Try it: Would you please set down the data again exactly as given, excluding the pictures?

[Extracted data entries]
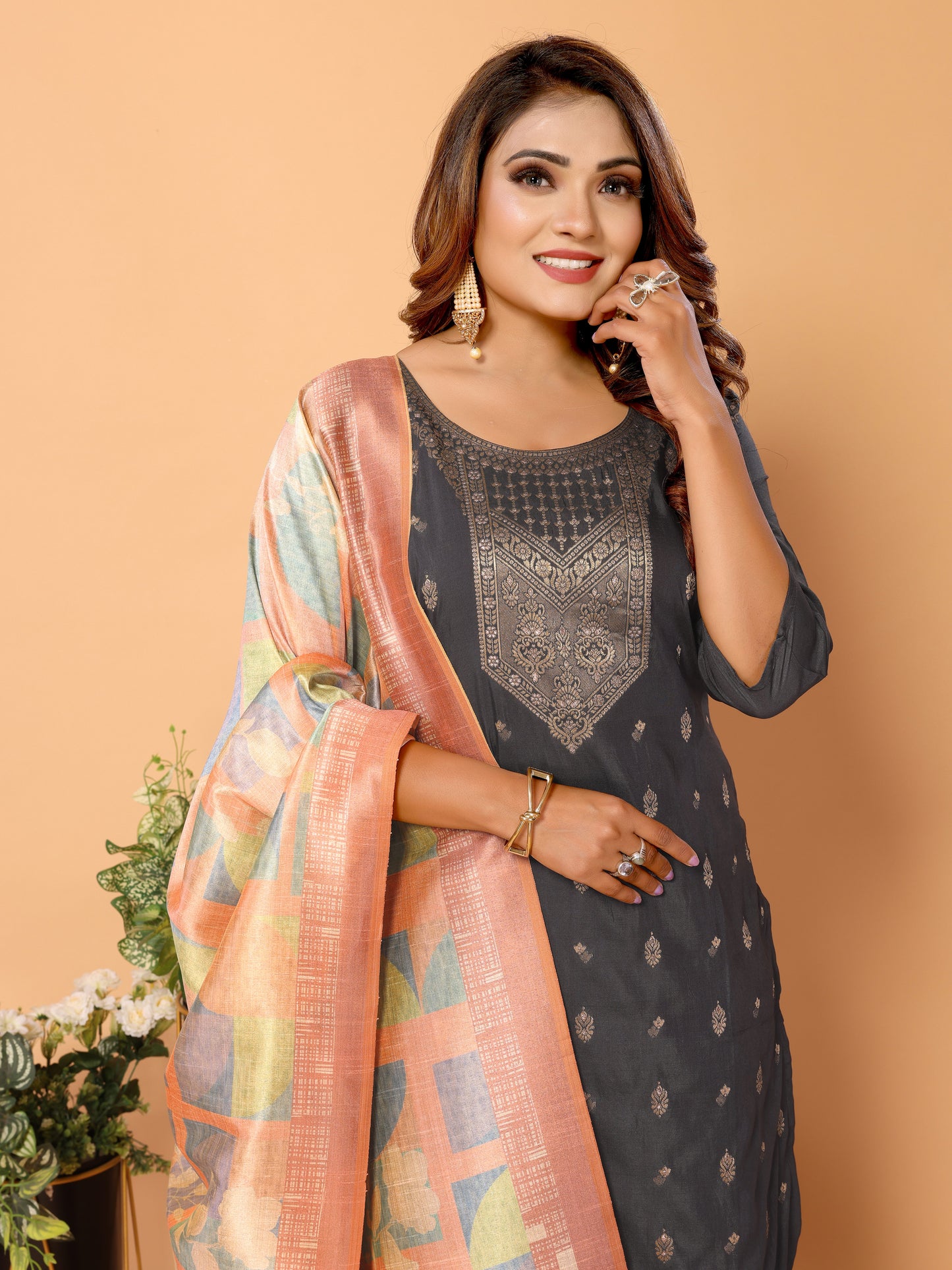 Grey Ethnic Motifs Woven Design Viscose Kurta Set with Dupatta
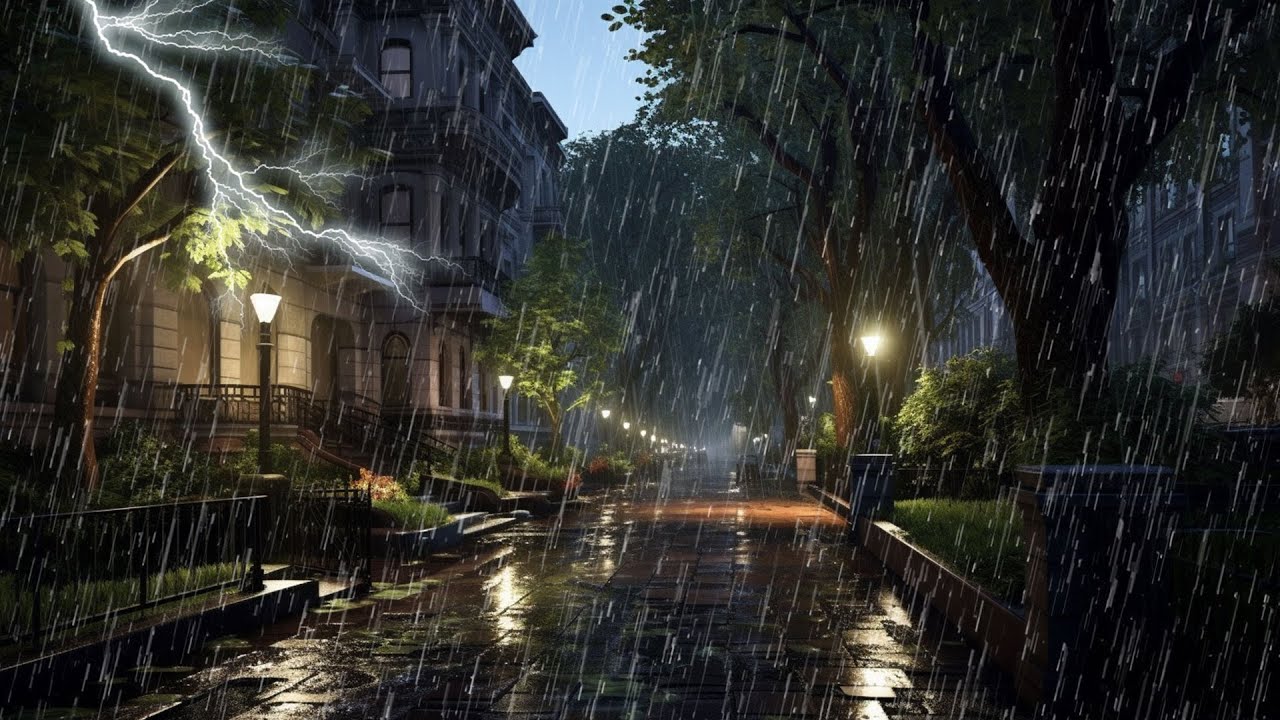 Sonido de lluvia y truenos cayendo el parque por la noche - Lluiva ...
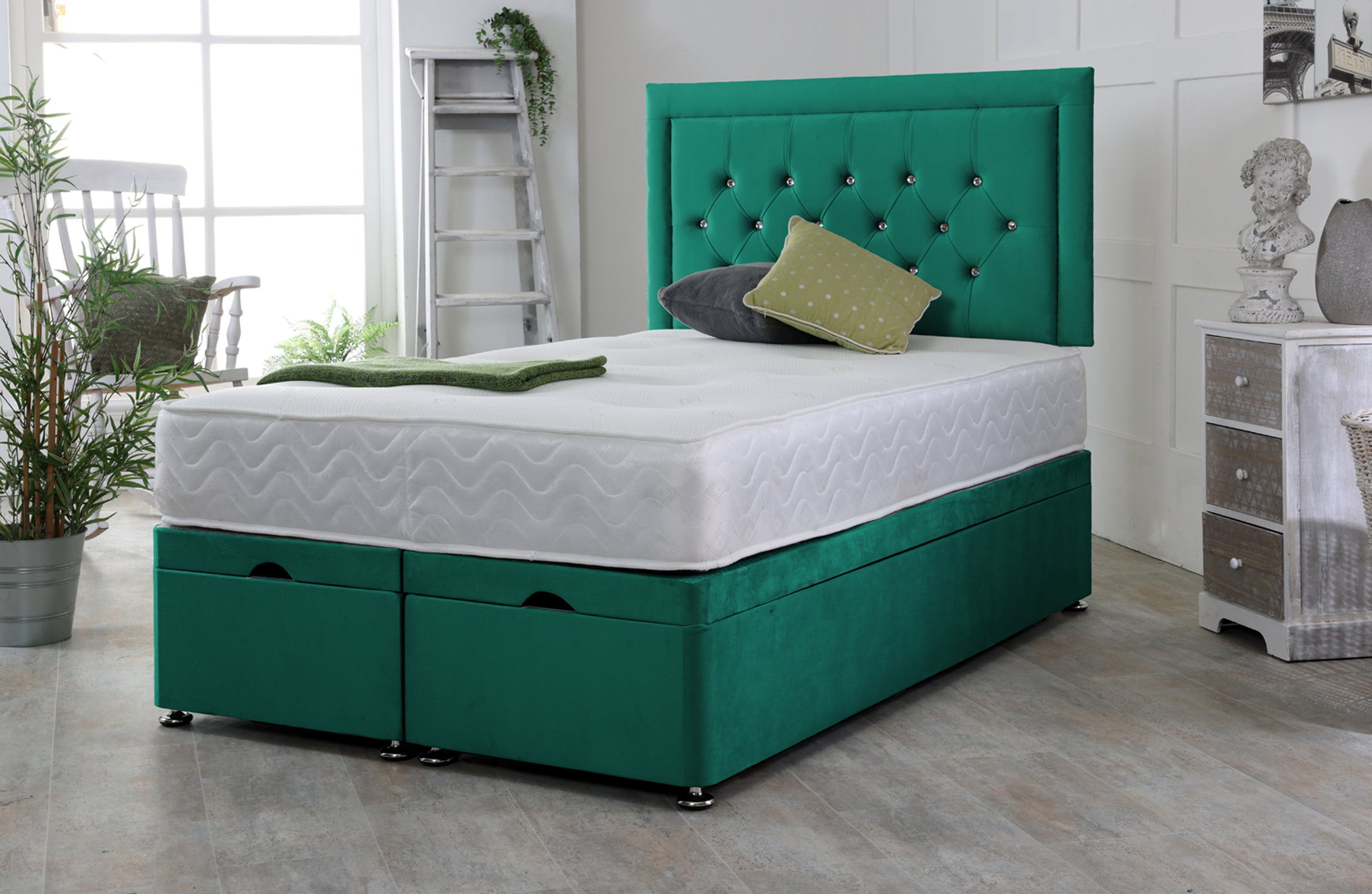 Miami Ottoman Bed Base Set with Headboard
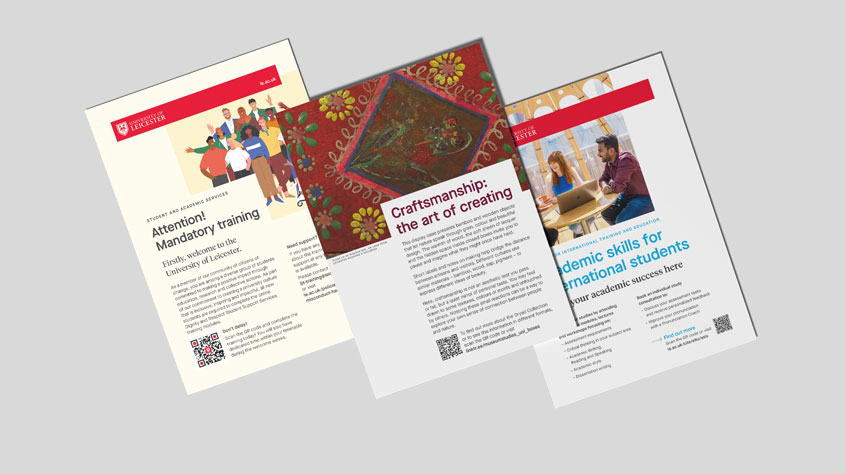 Three page examples with copy and images.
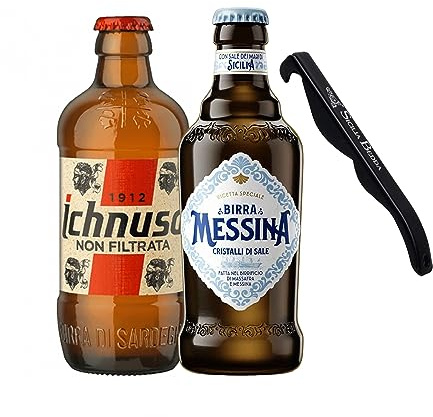 Sicilia Bedda - Box Degustazione BIRRA ICHNUSA NON FILTRATA e BIRRA MESSINA CRISTALLI DI SALE - Con Elegante Apribottiglia (24 Bottiglie da 33 CL)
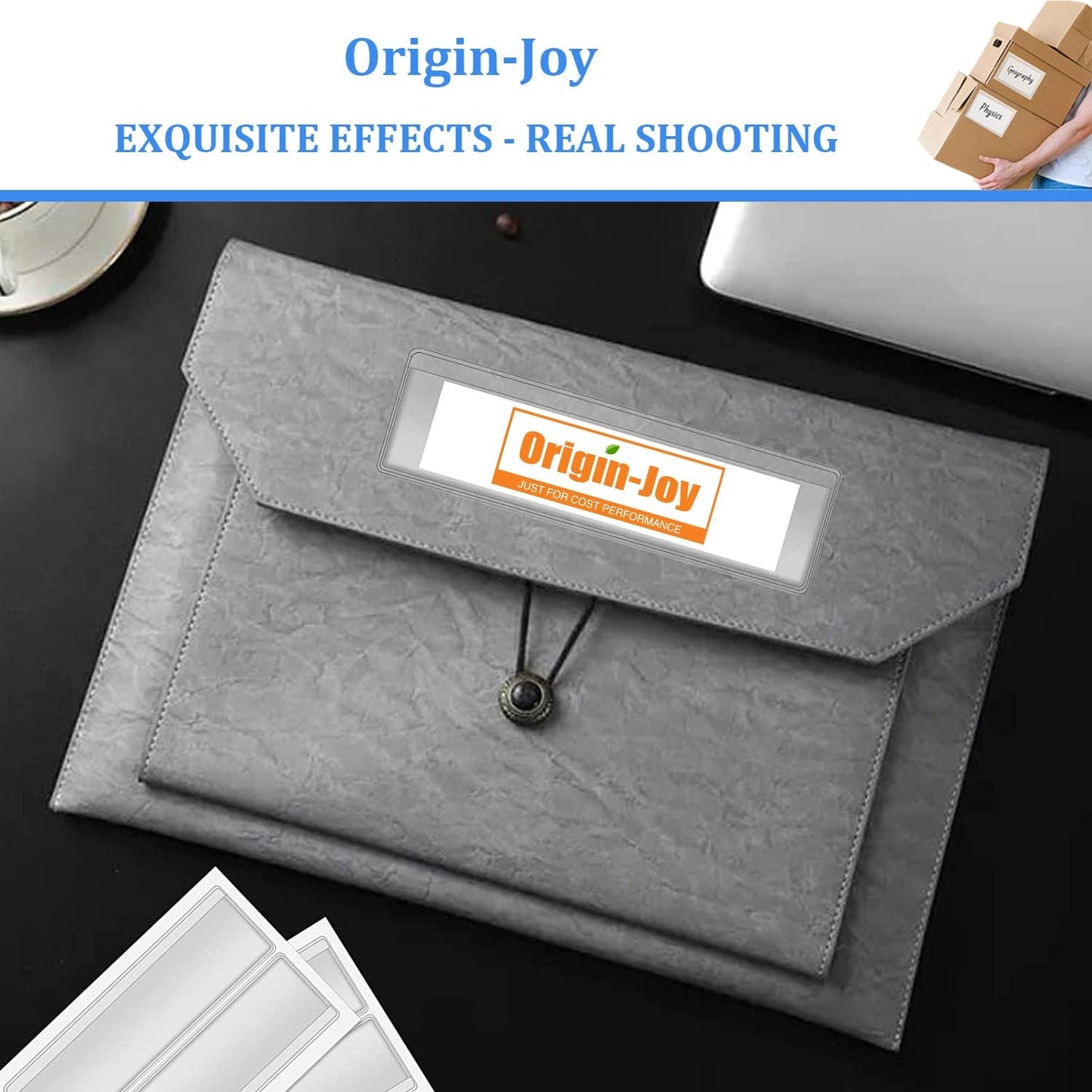 Origin-Joy 25 PCS Self-Adhesive Index Label Pockets, Clear Plastic Peel & Stick Card Holders with Top Open for Loading (3 x 2 inch)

Result of the task:
 Grey Ethnic Motifs Woven Design Viscose Kurta Set with Dupatta
 Sonido de lluvia y truenos cayendo el parque por la noche - Lluiva ...
 Miami Ottoman Bed Base Set with Headboard
 Three page examples with copy and images.
 Sicilia Bedda - Box Degustazione BIRRA ICHNUSA NON FILTRATA e BIRRA MESSINA CRISTALLI DI SALE - Con Elegante Apribottiglia (24 Bottiglie da 33 CL)
 Origin-Joy 25 PCS Self-Adhesive Index Label Pockets, Clear Plastic Peel & Stick Card Holders with Top Open for Loading (3 x 2 inch)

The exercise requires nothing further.